SELECT s.SingerId, s.FirstName
FROM Singers /*@ FORCE_INDEX=SingersByLastName */ AS s
WHERE s.LastName = 'Smith';

You still get a performance benefit from using the index because Spanner doesn't need to do a full table scan when executing the query plan. Instead, it selects the subset of rows that satisfy the predicate from the SingersByLastName index, and then does a lookup from the base table Singers to fetch the first name for only that subset of rows.

If you want Spanner to not have to fetch any rows from the base table at all, you can store a copy of the FirstName column in the index itself:

Google Standard SQL

CREATE INDEX SingersByLastName on Singers (LastName) STORING (FirstName);

PostgreSQL

CREATE INDEX SingersByLastName ON Singers (LastName) INCLUDE (FirstName);

Using a STORING clause (for the Google Standard SQL dialect) or an INCLUDE clause (for the PostgreSQL dialect) like this costs extra storage but it provides the following advantages for queries and read calls using the index:

  • SQL queries that use the index and select columns stored in the STORING or INCLUDE clause do not require an extra join to the base table.
  • Read calls that use the index can read columns stored in the STORING or INCLUDE clause.

The preceding examples illustrate how secondary indexes can speed up queries when the rows chosen by the WHERE clause of a query can be quickly identified using the secondary index.

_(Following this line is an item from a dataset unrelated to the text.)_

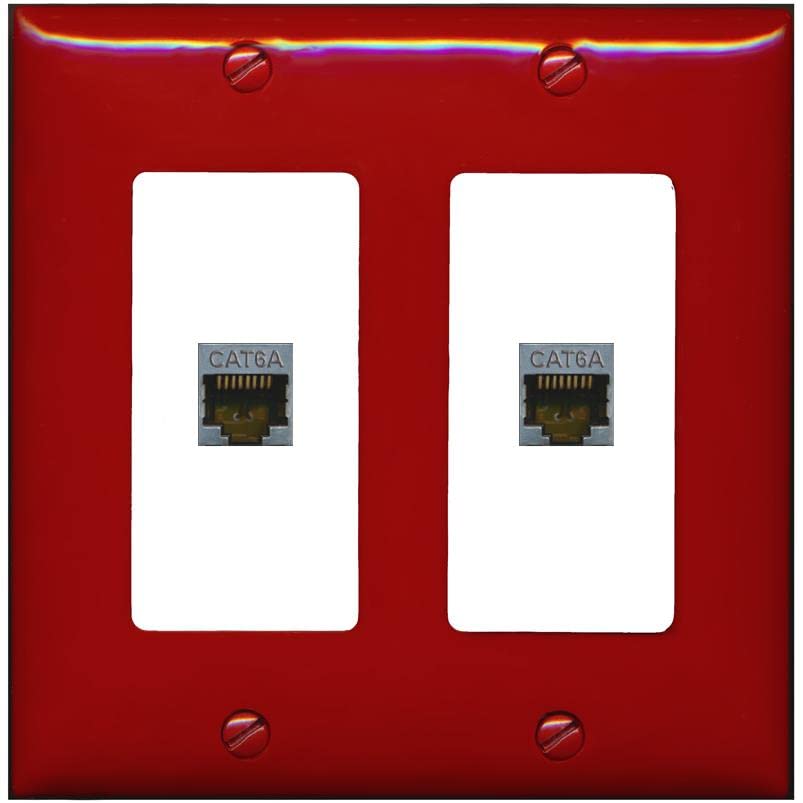 RiteAV 2 Port Cat6A Wall Plate - 2 Gang [Red/White]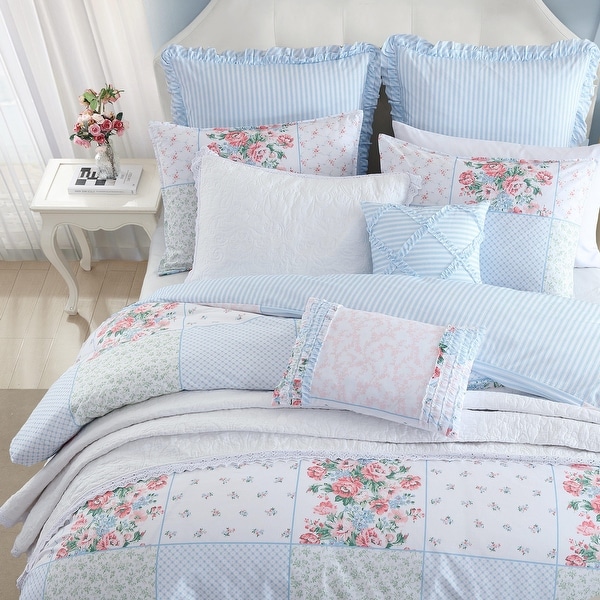 Laura Ashley Hope Patchwork Cotton Pink Duvet Cover Bonus Set - On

Another scenario in which secondary indexes can offer performance benefits is for certain queries that return ordered results. For example, suppose you want to fetch all album titles and their release dates in ascending order of release date and descending order of album title. You could write a SQL query as follows:

SELECT a.AlbumTitle, a.ReleaseDate
FROM Albums AS a
ORDER BY a.ReleaseDate, a.AlbumTitle DESC;

Without a secondary index, this query requires a potentially expensive sorting step in the execution plan. You could speed up query execution by defining this secondary index:

CREATE INDEX AlbumsByReleaseDateTitleDesc on Albums (ReleaseDate, AlbumTitle DESC);

Then, rewrite the query to use the secondary index:

Google Standard SQL

SELECT a.AlbumTitle, a.ReleaseDate
FROM Albums@{FORCE_INDEX=AlbumsByReleaseDateTitleDesc} AS a
ORDER BY a.ReleaseDate, a.AlbumTitle DESC;

PostgreSQL

SELECT a.AlbumTitle, a.ReleaseDate
FROM Albums /*@ FORCE_INDEX=AlbumsByReleaseDateTitleDesc */ AS s
ORDER BY a.ReleaseDate, a.AlbumTitle DESC;

This query and index definition meet both of the following criteria:

  • The column list in the ORDER BY clause is a prefix of the index key list.
  • The index covers all columns in the table that the query uses.

Because both these conditions are satisfied, the resulting query plan removes the sorting step and executes faster.

Although secondary indexes can speed up common queries, adding secondary indexes can add latency to your commit operations, because each secondary index typically requires involving an extra node in each commit. For most workloads, having a few secondary indexes is fine. However, you should consider whether you care more about read or write latency, and consider which operations are most critical for your workload. Benchmark your workload to ensure that it's performing as you expect.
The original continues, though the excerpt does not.